Given data -
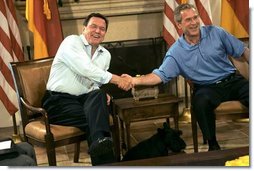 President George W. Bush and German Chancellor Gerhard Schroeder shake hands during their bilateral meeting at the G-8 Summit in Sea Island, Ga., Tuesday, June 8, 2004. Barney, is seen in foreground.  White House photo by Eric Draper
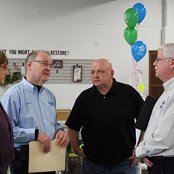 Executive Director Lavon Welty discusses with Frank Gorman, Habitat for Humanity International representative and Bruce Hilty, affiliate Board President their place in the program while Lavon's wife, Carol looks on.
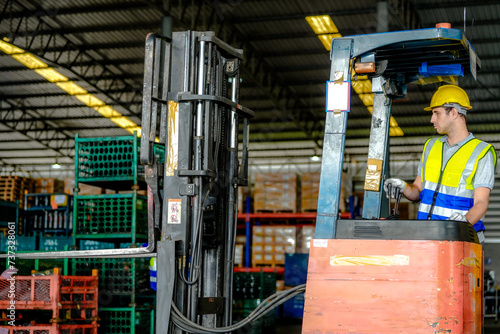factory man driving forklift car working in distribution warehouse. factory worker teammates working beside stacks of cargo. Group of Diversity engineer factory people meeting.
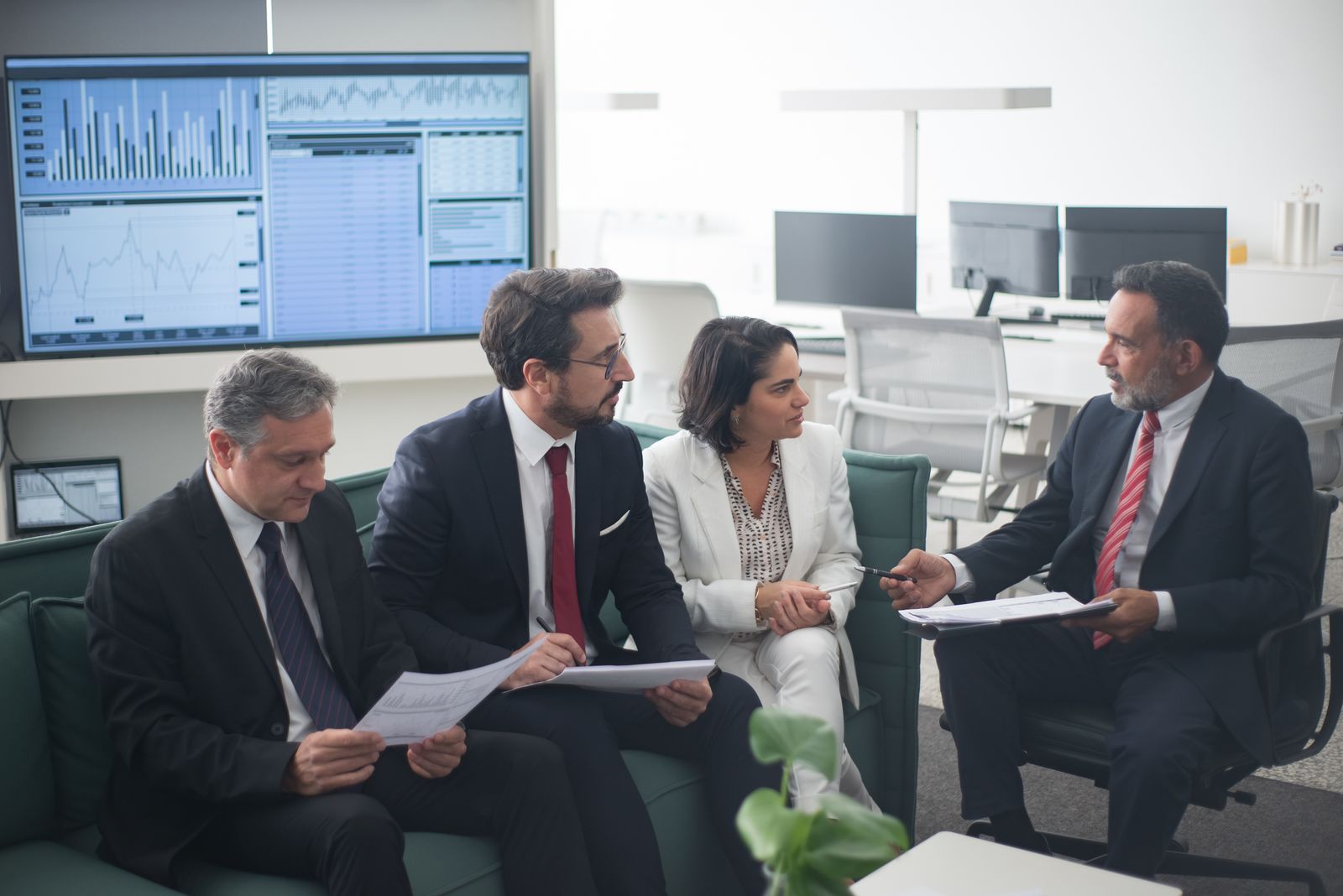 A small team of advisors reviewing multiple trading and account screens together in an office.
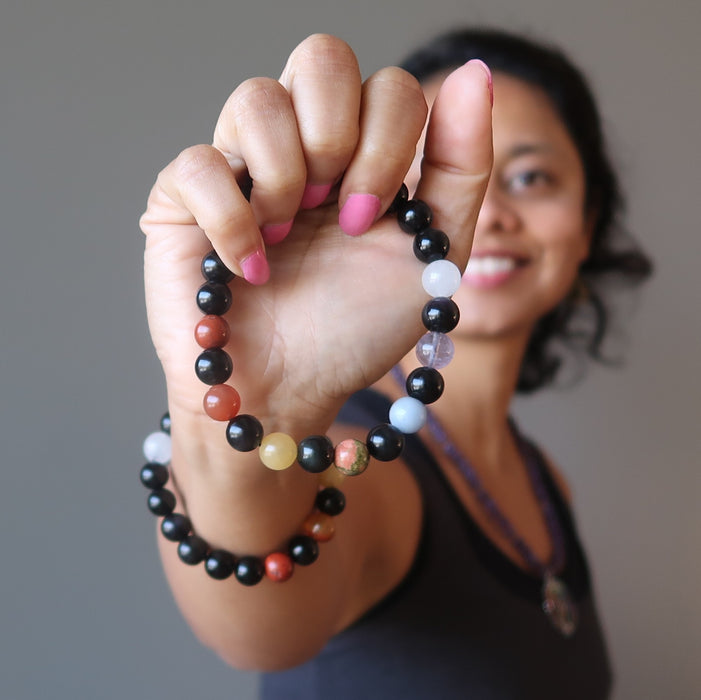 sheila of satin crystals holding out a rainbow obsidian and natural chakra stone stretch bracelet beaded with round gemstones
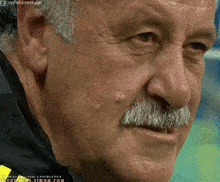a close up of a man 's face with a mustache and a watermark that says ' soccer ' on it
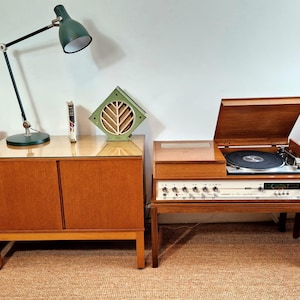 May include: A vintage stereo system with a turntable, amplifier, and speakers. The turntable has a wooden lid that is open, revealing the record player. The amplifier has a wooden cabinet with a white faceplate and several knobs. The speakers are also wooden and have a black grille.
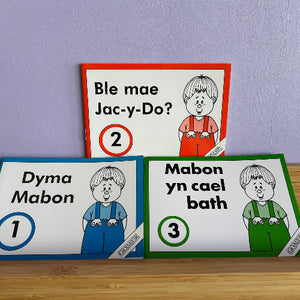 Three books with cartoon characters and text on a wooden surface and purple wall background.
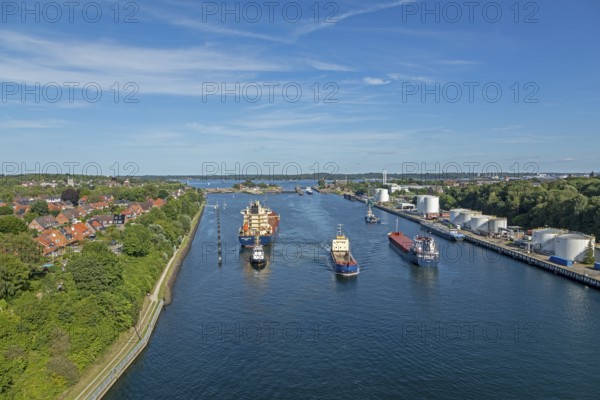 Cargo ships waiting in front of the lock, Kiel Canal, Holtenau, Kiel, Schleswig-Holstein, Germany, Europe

---

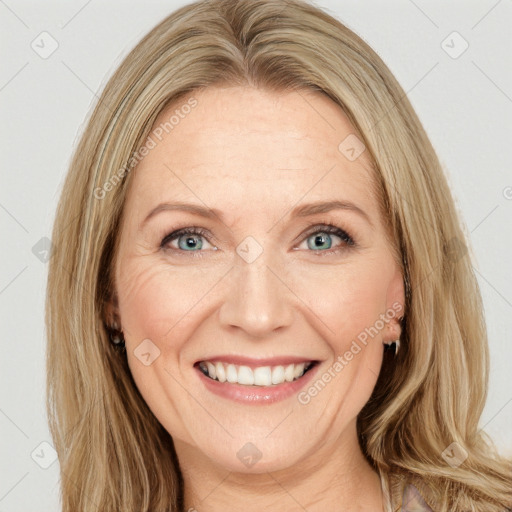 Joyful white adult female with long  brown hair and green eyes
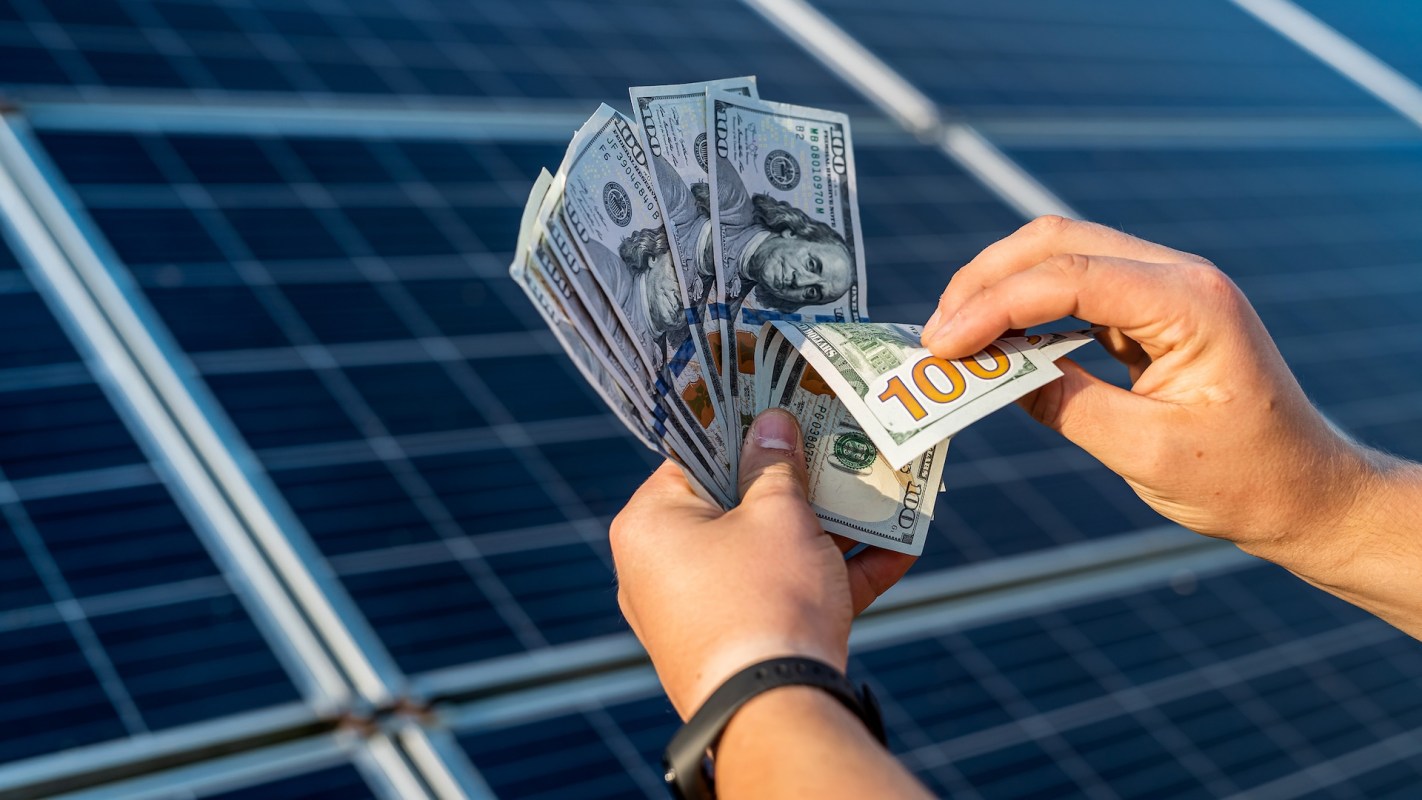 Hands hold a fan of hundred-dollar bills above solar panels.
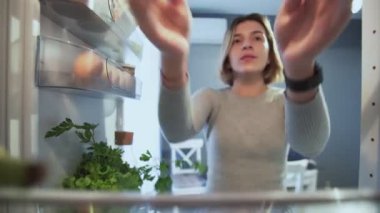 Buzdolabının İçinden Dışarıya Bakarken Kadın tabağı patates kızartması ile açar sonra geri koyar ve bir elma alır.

...

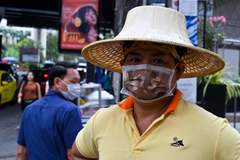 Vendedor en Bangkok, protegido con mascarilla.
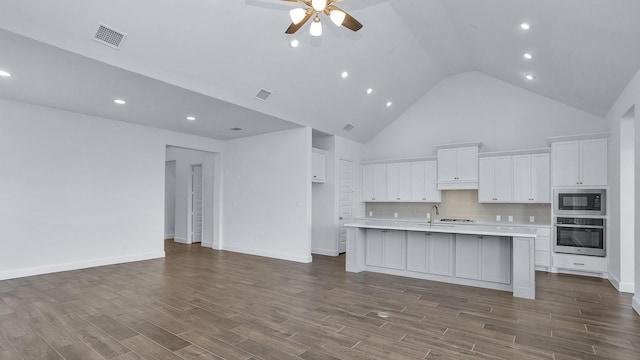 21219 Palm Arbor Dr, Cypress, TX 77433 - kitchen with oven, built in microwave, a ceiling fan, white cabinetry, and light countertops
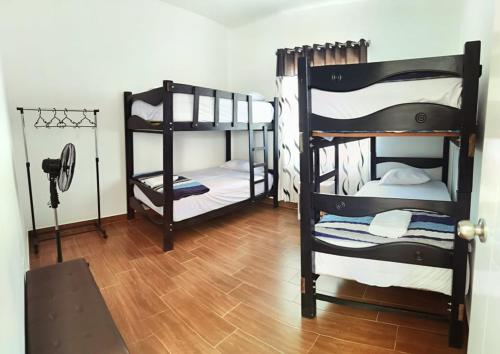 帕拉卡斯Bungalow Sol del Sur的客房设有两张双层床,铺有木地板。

What you should do - Going by the data above, give back only the lines from the one containing "President George W." through the one containing "a close up of", exactly as they stand, both ends included and no images.

Exercise response -
 President George W. Bush and German Chancellor Gerhard Schroeder shake hands during their bilateral meeting at the G-8 Summit in Sea Island, Ga., Tuesday, June 8, 2004. Barney, is seen in foreground.  White House photo by Eric Draper
 Executive Director Lavon Welty discusses with Frank Gorman, Habitat for Humanity International representative and Bruce Hilty, affiliate Board President their place in the program while Lavon's wife, Carol looks on.
factory man driving forklift car working in distribution warehouse. factory worker teammates working beside stacks of cargo. Group of Diversity engineer factory people meeting.
 A small team of advisors reviewing multiple trading and account screens together in an office.
 sheila of satin crystals holding out a rainbow obsidian and natural chakra stone stretch bracelet beaded with round gemstones
a close up of a man 's face with a mustache and a watermark that says ' soccer ' on it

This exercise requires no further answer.